◆ **To do**
What is the number of lines in this data that contain the word "Accessories"? Give the number alone.

-*-

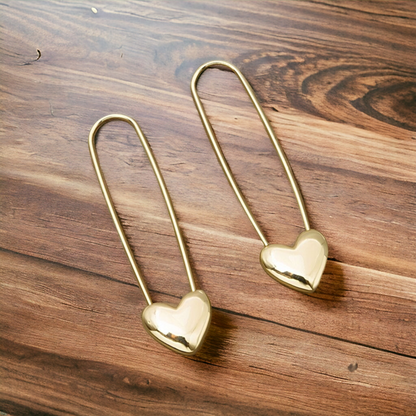 Heart-pin earrings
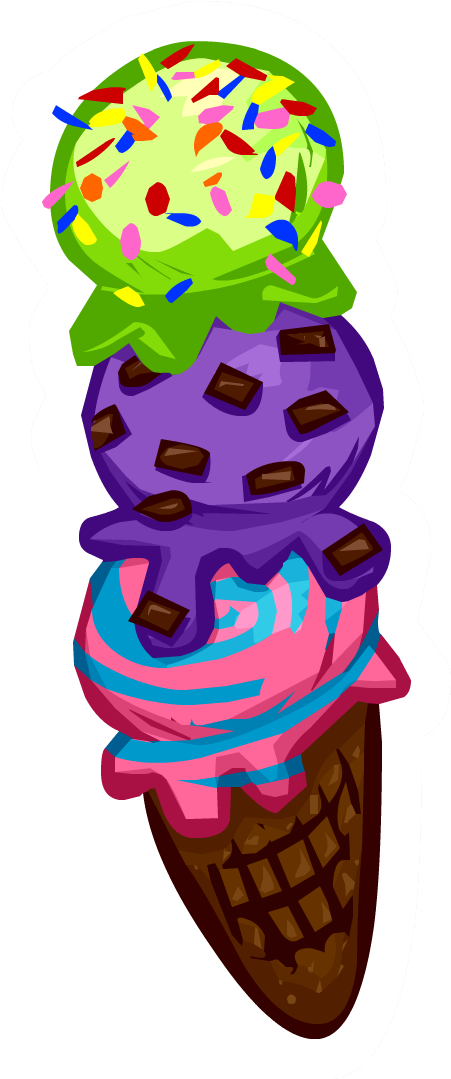 Colorful Triple Scoop Ice Cream PNG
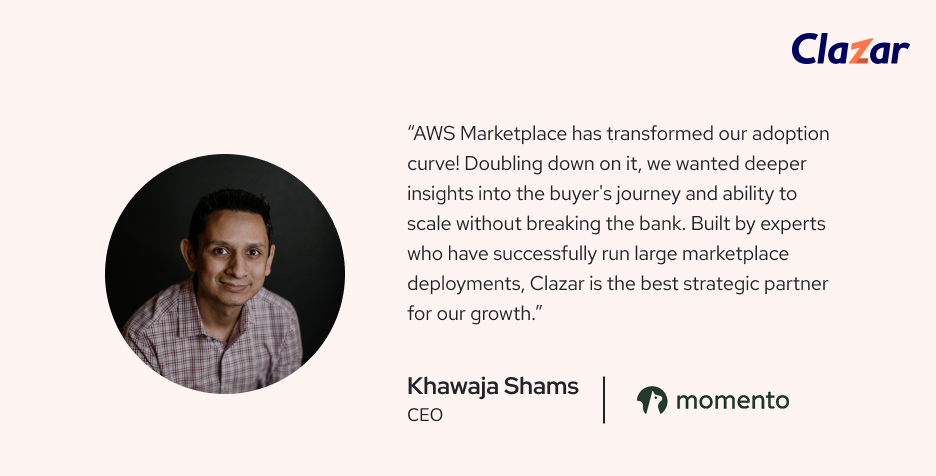 Customer testimonial graphic featuring a portrait of Khawaja Shams, CEO of Momento, alongside a quote praising AWS Marketplace and Clazar for enabling scalable marketplace growth and buyer journey insights. Includes Clazar and Momento branding.
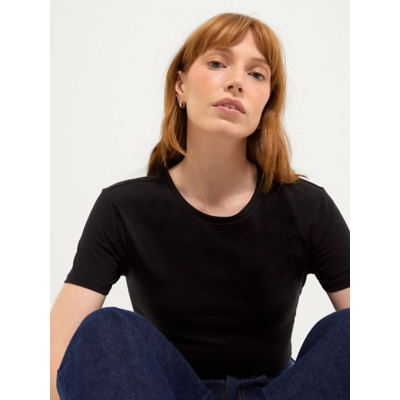 George Black Crew Neck Short Sleeve Fitted Basic T-Shirt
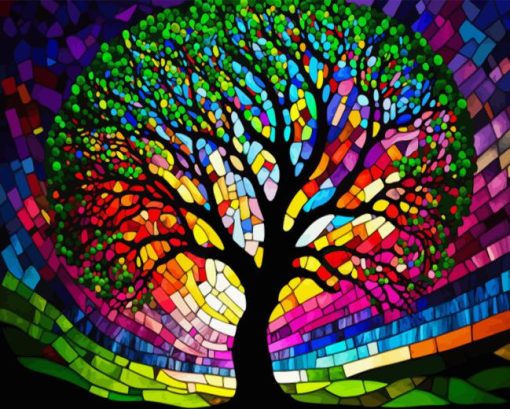 Colorful Mosaic Tree 5D Diamond Painting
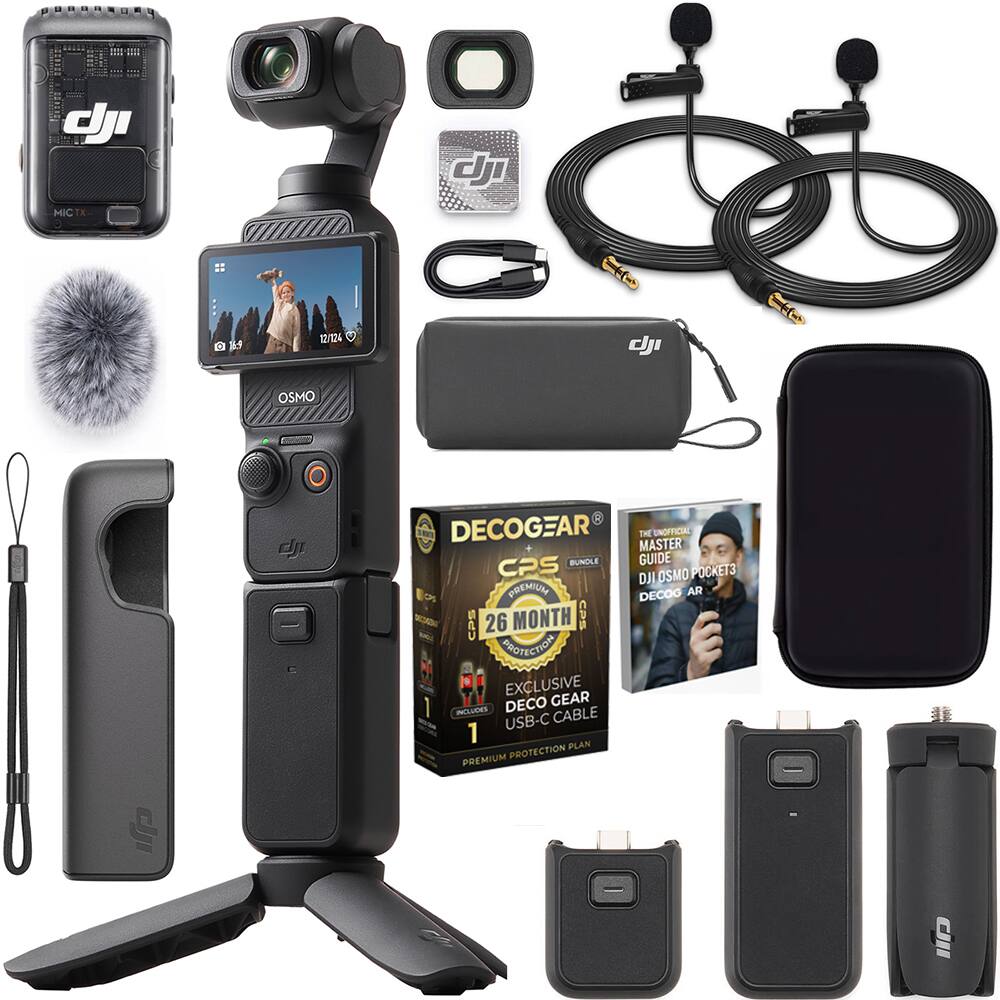 Sure, here is the corrected and grouped text from the image:

---

**DJI OSMO Pocket 3**

- **DECOGEAR**
  - THE UNOFFICIAL MASTER BUNDLE GUIDE
  - 26 MONTH PREMIUM PROTECTION PLAN
  - EXCLUSIVE DECOGEAR USB-C CABLE

- **Included Items:**
  - MIC X
  - OSMO Pocket 3
  - USB-C CABLE
  - PREMIUM PROTECTION PLAN

- **Accessories:**
  - Microphone
  - Tripod
  - Carrying Case
  - Additional Batteries
  - Charging Cable
  - Mounting Accessories

---

This text is organized to reflect the items and services included in the bundle.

-*-

◆ **Output for this exercise**
2